PART 1 | PART 2 | PART 3

DD: You said you were going to get really geeky, but then you never did.

MS: Yeah, bring on the geek!  I see the word ‘IRCAM’ written in your notes.

Oh, we’ll get to that, but first, some other words.  You took this vow of synthesizer-chastity for Supreme Balloon – not even vocoders.  I came up with a bunch of cool ways to cheat – what about FFT? [FFT, a Fast Fourier Transform, is a synthesis which can deconstruct any sampled sound into a complex series of sine waves]

MS: Honestly, it wasn’t a synthesizer thing, really, the only rule was ‘no microphones’.  We were allowed to use any kind of signal generation, as long as it didn’t involve microphones.  Of course, the trick is the slip between what is a microphone, any kind of transducer?  Is a guitar pickup a microphone or not?

Did you use any guitars on the album?

MS: We decided that a pickup was a transducer.  But we did use optical tracks from film sound, and it’s a kind of transducer.  But where do you draw the line?  We drew it where we wished, [laughs] as we often do!  It’s not science, you know, it’s art.

DD: Yeah, that’s the thing.  People give us credit for, ‘oh my god, they tie themselves in ridiculous knots with these concepts’.  But, really, the concept is so freeing.  Once you know the area in which to work, it just keeps expanding, and we didn’t reach a lot of points of, ‘oh it’s so frustrating, if only we could just haul off and use a mic’.  Once we committed to it, we never looked back.

MS: In fact, it was more generative than inhibiting.

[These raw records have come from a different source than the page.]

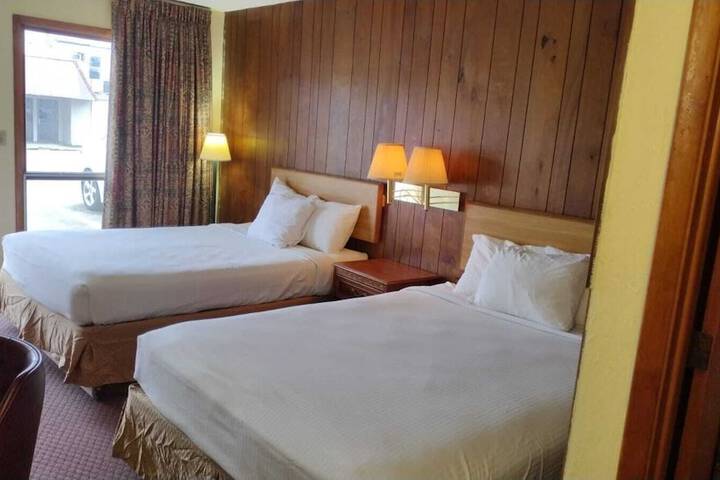 Basic Double Room (1 of 2)
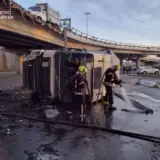 ДТП у Києві – фура злетіла з мосту на з’їзді з Південного мосту
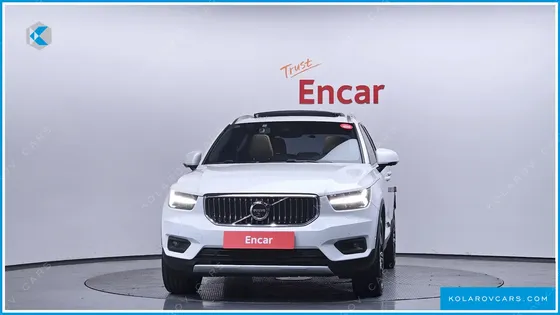VOLVO XC40 B4 INSCRIPTION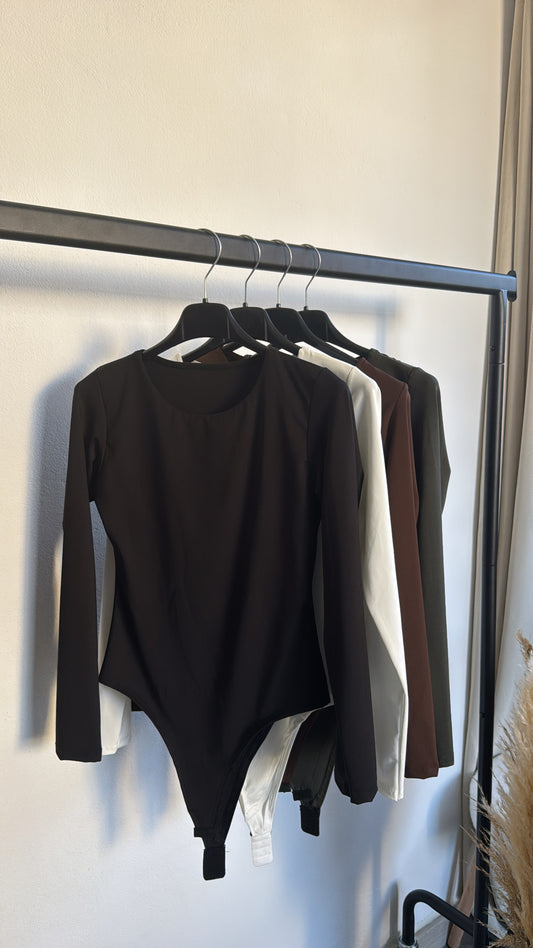 Body básico com decote redondo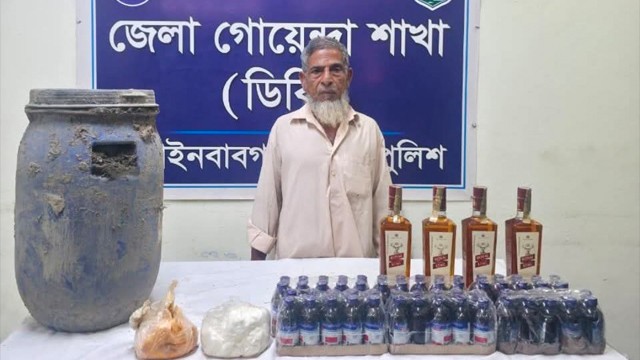 চাঁপাইনবাবগঞ্জে ডিবির অভিযানে বিদেশি মদ ও মাদকসহ একজন গ্রেপ্তার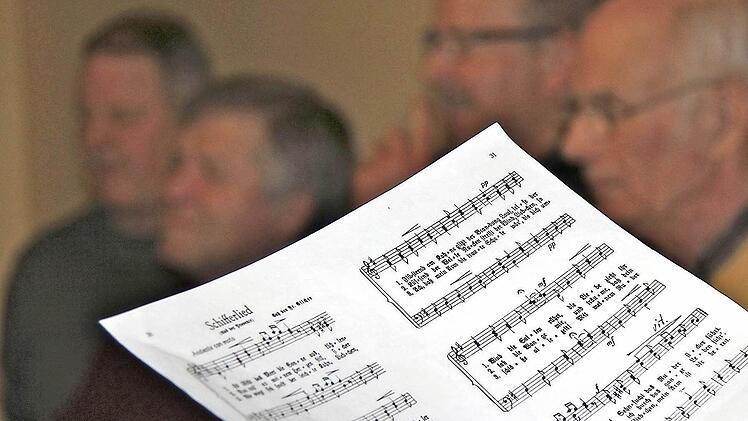 Der Männerchor Harmonie Obereschenbach gibt eine Kostprobe seines Gesangs. Fotos: Gerd Schaar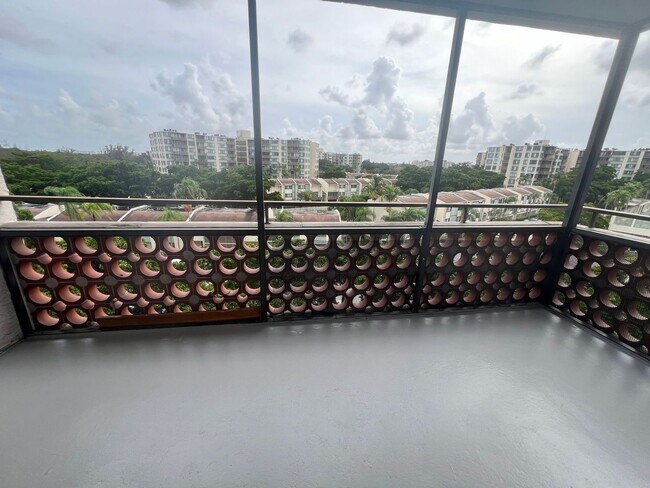 Building Photo - 4715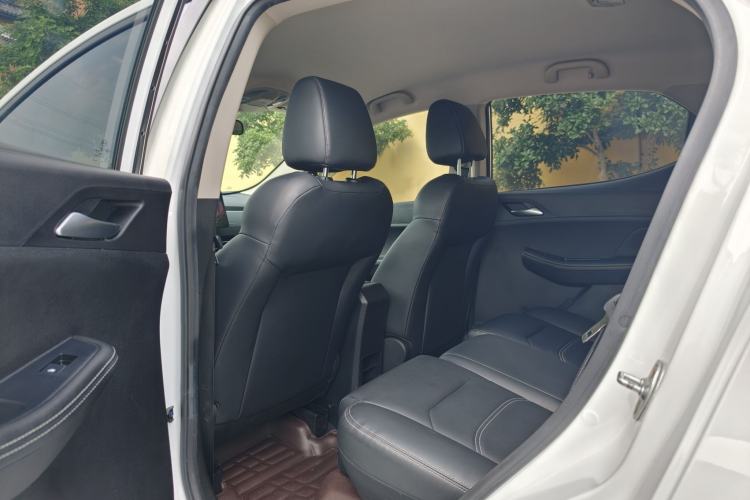Used BYD Yuan New Energy 2019 EV535 Smart Connect Trendsetting Model Interior 3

You’re using old gear that has a tendency to fall apart.  There’s a story in the liner notes for Supreme Balloon about Martin ripping the knob off of a Korg MS20.  I saw that, and I thought of the Nam Jun Paik piece, the dog made out of TVs, that started to fall apart, and he said ‘well, now it’s part of the piece’.  Would you ever think of exploiting that?

DD: Yeah, we did, on Memento Mori [off A Chance To Cut Is A Chance To Cure], because I had an effects unit that was dying, and it had, I guess, the effects pedal equivalent of Alzheimer’s.  It seemed appropriate to run the sounds of a skull through a dying effects unit, and it was creating all these artefacts that I can’t reproduce now, that it’s fully dead, it’s totally over.  The kind of last legs thing can produce some interesting artefacts, sometimes.  But I will say that the death of my Roland W-30 [a keyboard sampler and sequencer] has meant that as we reconstruct songs from The West, I have to load all these samples that can only be loaded off of one hard drive.  The floppy drive has a strange tweak on it, so there’s only one machine that can read my old floppy disks.  And it writes glitches into several samples, every time it loads them.  So there’s no way now, to reconstruct the past of Matmos, that doesn’t involve a lot of fucking annoying shit work, trying to pull spikes out of old sounds of, like, a crystalline acoustic guitar that now has this hideous glitch in it.  So it’s sort of like the glitch movement’s biting me on my ass, after supposedly loving all the grit of material specificity.

Somewhere, Steve Albini is laughing.  I’m curious about your live performance.  It seems like you have different roles in the concerts: Martin, you’re working with more of the sound objects, while Drew, you’re working more with processing and computers.  Do you feel comfortable in those positions?  Do you ever feel the want to switch that up?  Is there this conscious want, to avoid presenting yourselves as ‘two guys sitting behind gear’?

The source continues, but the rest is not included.